You can see it now. In the hands of a bad director, this premise becomes "You’ve Got Mail." However, Resnais uses this premise to explore the ways in which film conventions shape the stories we choose to tell in our lives.

Georges wants this chance occurrence to be so much more than it is. He uses this opportunity to engage in a conversation with himself. The film is structured as such. It’s a battle between the Georges we see onscreen and the Georges that narrates the film.

One appears to be a fairly normal, if bored, 50-year-old man in France. Narrator Georges wants everything he’s seen on film to happen to him in real life. He wants this chance occurrence to lead to a torrid love affair. When that becomes untenable, Georges goes the other root--he chooses to become a violent stalker and slashes Marguerite’s tires. In what is probably the best scene in the film, Georges is questioned by police about his actions. He chooses to play the role of psychotic villain and exacerbates the situation with hilarious consequences. Georges’ is not sure who to be because he is not sure what he wants this story to be. Will it be a romance? A thriller? A horror movie? A noir?

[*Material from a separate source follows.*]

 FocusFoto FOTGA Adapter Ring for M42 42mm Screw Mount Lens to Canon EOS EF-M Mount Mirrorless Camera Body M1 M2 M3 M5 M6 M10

If it wasn’t already clear, this film cements Resnais' place as one of today's most dynamic directors. Resnais’ cinematic choices and structure constantly reflect Georges own approach to his story. The music, shots, colors and tones perfectly evolve as Georges’ interest in Marguerite ebbs and flows.

All of which leads to an unpredictable and layered film that warrants multiple viewings.